The annual meeting of the IMF and the World Bank in Copenhagen provided the setting for the tenth meeting of the Werner Group, which was also held in two parts, on 23 and 24 September. Priority in the debates was given to the technical report from the Committee of Governors of the Central Banks (which was very cautious as regards political initiatives) and to defining the content of the final chapters of the final report. It appears that an extra session was held on 25 September with the aim of securing a consensus on a common position. During their time in Copenhagen, the members of the group and the Finance Ministers of the Six had the opportunity to discuss on an informal basis with their American colleagues and other international experts, and to sound out their views on the plan by stages. The Werner Group agreed to meet again in Luxembourg in early October to finalise and approve the final report.24

The date chosen for the eleventh meeting was 7 October, the day before the Council of Finance Ministers was to meet. The fact that there are no minutes or other documents reporting what happened at the meeting proves that the discussions were heated, as they had been at the fourth and fifth sittings. The focus of the arguments was clearly the establishment of an exchange stabilisation fund. The rigid attitude displayed by the Germans and the Dutch was not encouraging when it came to reaching a final agreement on a common position, and there was a real possibility that the differences would not be resolved. The debates were lively and Werner, supported by Ansiaux and Clappier, managed to turn things round. He finally succeeded in securing a compromise which was accepted unanimously.25 After seven months of work, characterised by countless negotiations and reversals of situation, the final report was approved.
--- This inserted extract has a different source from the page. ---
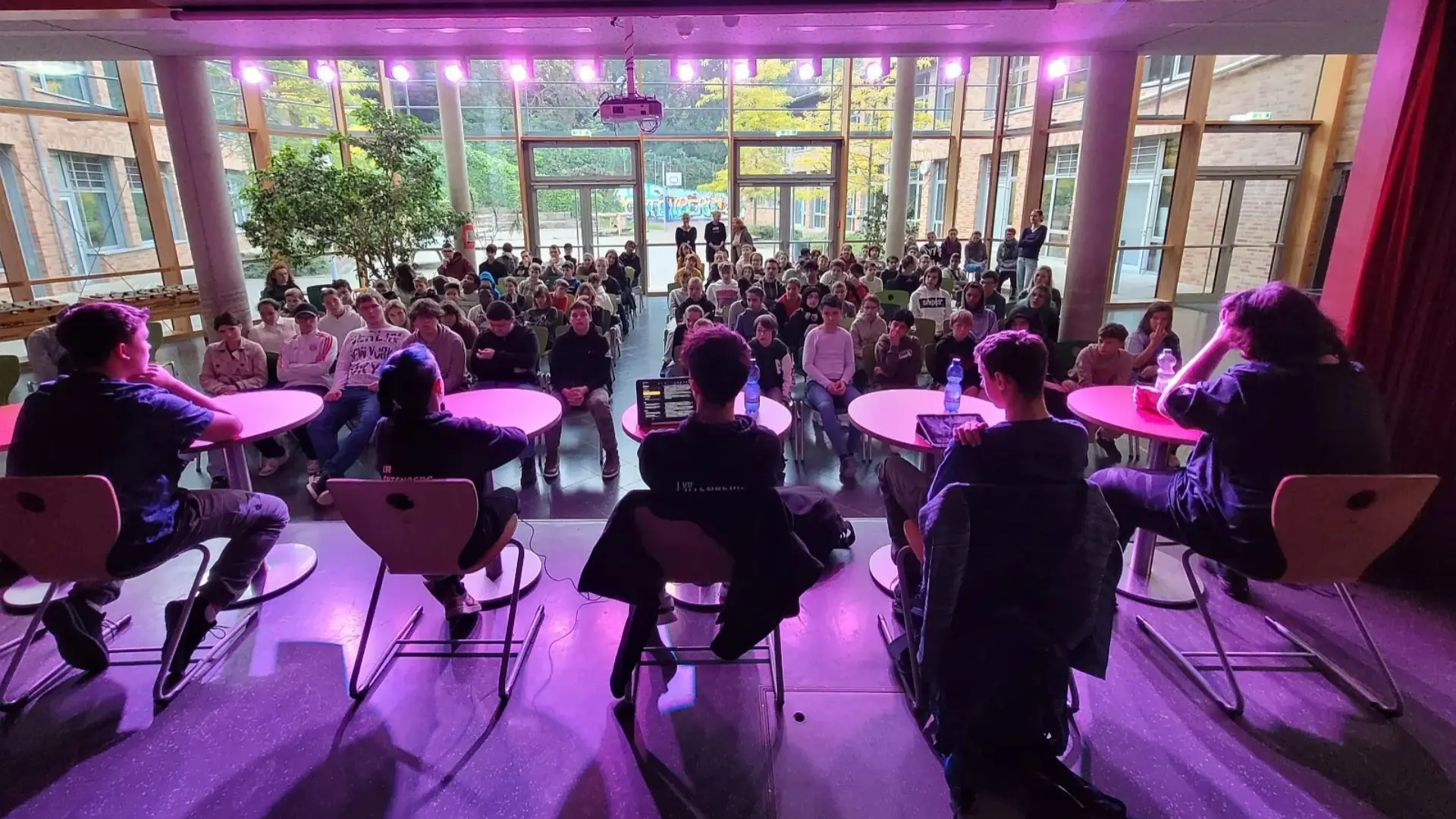 Schüler*innen auf der Bühne bei Podiumsdiskussion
On 8 October 1970 in Luxembourg, Pierre Werner, in his capacity as chairman of the group, officially presented the plan for the achievement by stages of economic and monetary union in the Community. The document bore the subheading ‘Werner Report’. One week later, it was submitted to the Council of Ministers and the Commission.

On 26 October 1970, the Council of Foreign Ministers met in Luxembourg to officially examine the report. Pierre Werner gave a statement, concluding with a summary of the view of EMU that the group of experts had reached in their plan by stages. ‘I am happy to note that on all these aspects we forged a unanimous collective view. Of course these joint replies do not reflect all the individual preferences of the members of the group. But we do think that having looked at the question from all sides, at long sessions where we compared a range of ideas, we have succeeded in giving shape to the wish for proceeding in parallel on the measures to be taken in the economic and financial fields. What we aspired to do was, once and for all, to break the vicious circle consisting of setting prior economic and political conditions. We have tried to draw a line midway between the view that monetary union is the crowning glory of European integration and the view that would turn it into the virtually all-powerful engine driving integration. I think the proposals are in line with the existing treaties and that they do, precisely, ensure that the objectives of the treaties will be achieved in full. Thus for stage one we can go a great deal of the way without amending the treaties. However, there must be a strong political will backing up this process all the time that it is being put into effect.’26

On 29 October the Commission submitted to the Council its own proposals inspired by the Werner Report (which was not binding) and two draft resolutions on the establishment by stages of economic and monetary union.27 It is worth noting that the Commission’s proposals were based on the interim report by the Werner Committee (approved on 29 May 1970), which had gone through the full Community vetting process. The conclusions of this interim report, which were relatively superficial or even different from those in the final report (given that the group’s work was still under way), were certainly closer to a consensus view and less politically daring than those set forth in the final version.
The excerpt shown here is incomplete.